This is the fourth and final volume of a work originally published in France during 1955-1956. (The first three volumes of the Spanish edition are reviewed in HAHR, August 1969, pp. 527-529.) The tomo under consideration consists of three libros, of which the first, Las exploraciones de los océanos y de los continentes desde 1815 a nuestra época, was written by the late Jules Rouch. It consists of two sections, the oceans and the continents. A fundamental question may be raised about the propriety of including material which should not be classified under the history of explorations, but more properly belongs in a scientific treatise, i.e., the chemical composition of water, the depths of oceans, and species of fish.
In a word, there is far too much oceanography and too little exploration. Furthermore, every topic is treated far too summarily, both here and in the second section. One would think that in the fewer than 200 pages allotted to the author for the entire libro, he would have had problem enough squeezing in events which occurred on earth without devoting space to the exploration of the atmosphere. This work does purport to be universal in its coverage, however, and the promise to the reader must be kept somehow.

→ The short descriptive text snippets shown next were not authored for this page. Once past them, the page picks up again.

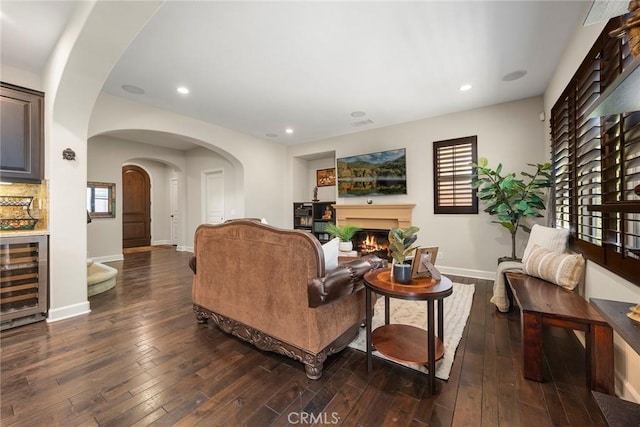 living room with hardwood / wood-style floors, beverage cooler, baseboards, and a lit fireplace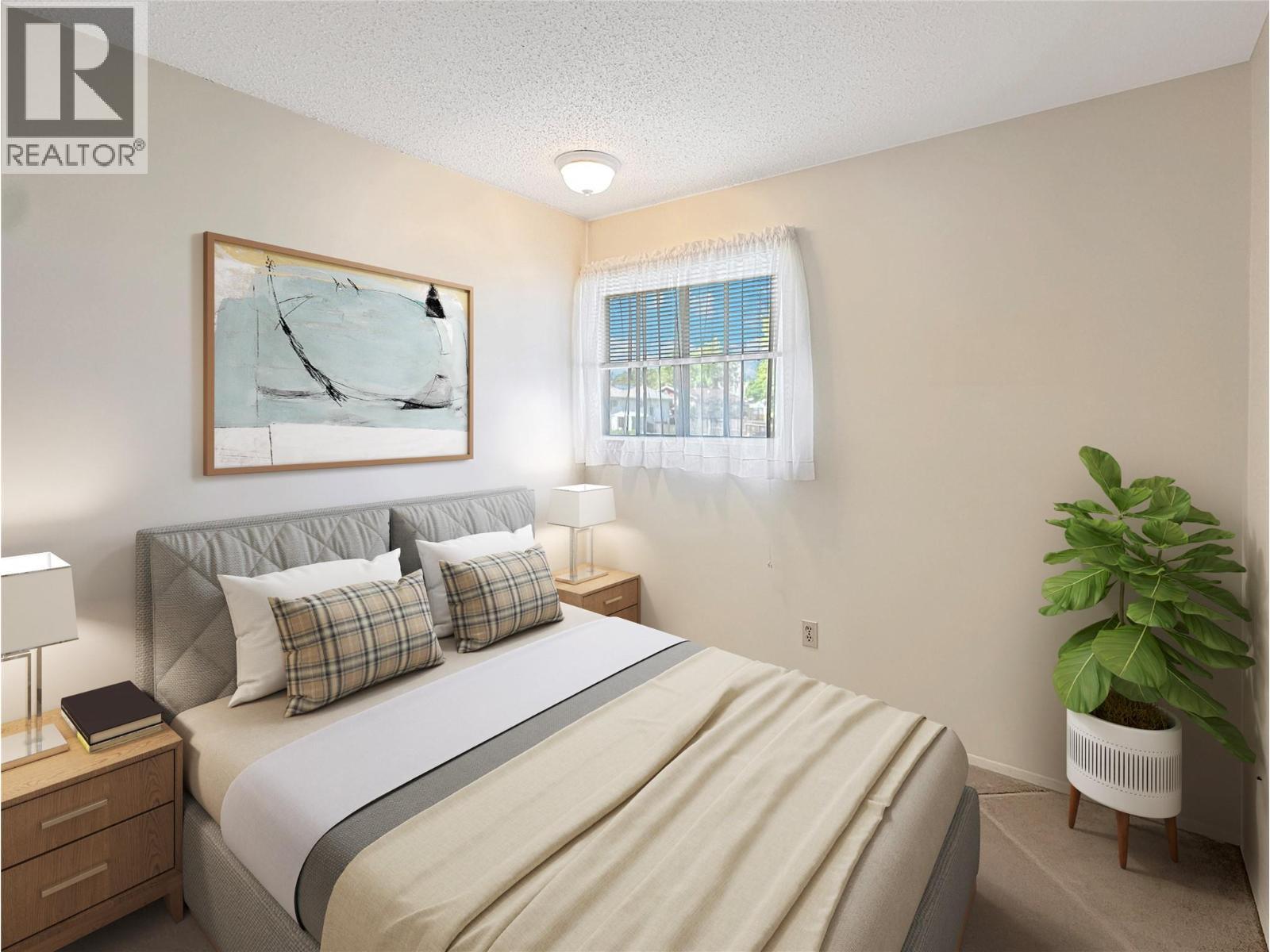 2501 3Rd Street S, Cranbrook, BC - Indoor Photo Showing Bedroom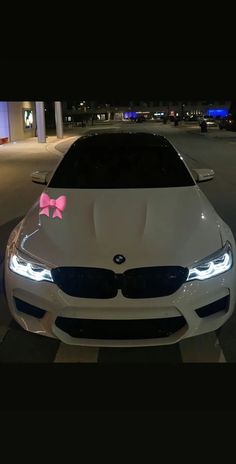 a white car with a pink bow on it's hood parked in a parking lot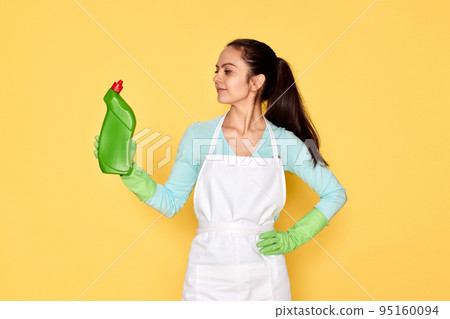 woman in gloves and cleaner apron holding bottle of detergent woman in gloves and cleaner apron holding bottle of detergent 95160094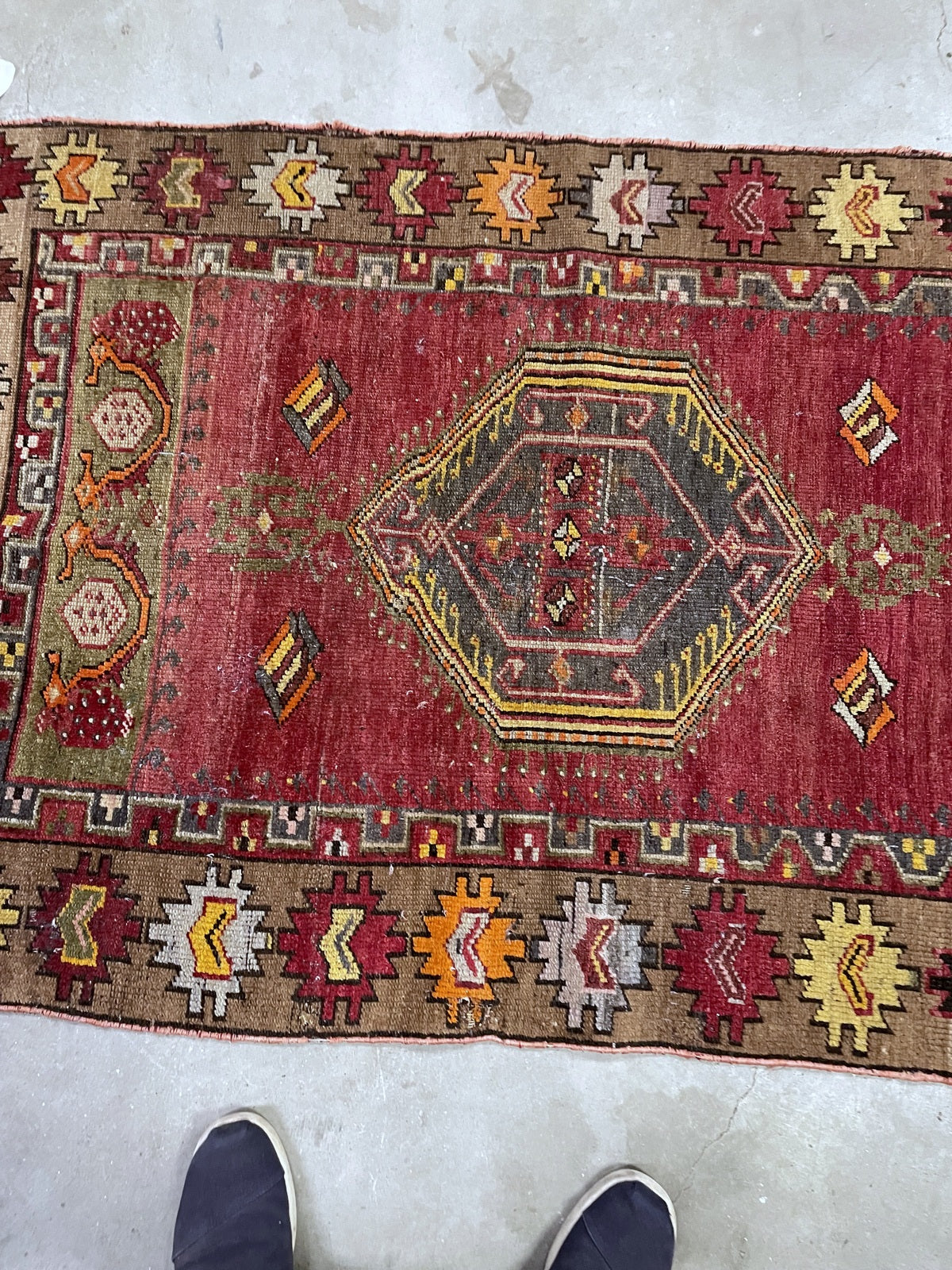 Angled rug detail showing low pile, dark medallion and multicoloured border motifs.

The Gallic chauvinism of the author is too evident, especially when he entitles a chapter, “Expediciones francesas y otro paises (1873-1910),” as well as in his four-page bibliography, which consists overwhelmingly of works by French authors. Not a single journal reference is listed in the bibliography for this section—or, for that matter, in the others.
The second libro, Las exploraciones polares, is by Paul-Émile Victor. This section possesses more unity than the others and is the best written and most engrossing of the book, perhaps because of the special expertise and the singular experiences of the author, a polar explorer. I do question his organizational approach to the topic in certain chapters. Is it really necessary to devote separate sub-sections to British, Soviet, Norwegian, and Australian and German (odd combination) efforts, after a separate section on French polar explorations? Indeed, the polar regions and the planets are the two areas of the universe in which the flag is not planted to assert sovereignty!
The third section, Las profundidades, is the work of Haroun Tazieff, a Belgian. He was allotted the least amount of space (fewer than 50 pages), and perhaps the editor was prescient in this decision. The undersea explorations of Cousteau could not be described at the date of publication, and the discussion of Las profundidades del cielo seems totally inadequate and dated, especially to a reviewer who completed his assigned reading on the very day men landed on the moon.
Since this is the final volume of the work, the publishers have provided a cumulative index—the first three volumes lacked indices. No documentation is provided in any of the volumes. The bibliographies, unimpressive in the original French edition, are even more so in the Spanish edition, nothing having been added by the editor or the authors since 1955.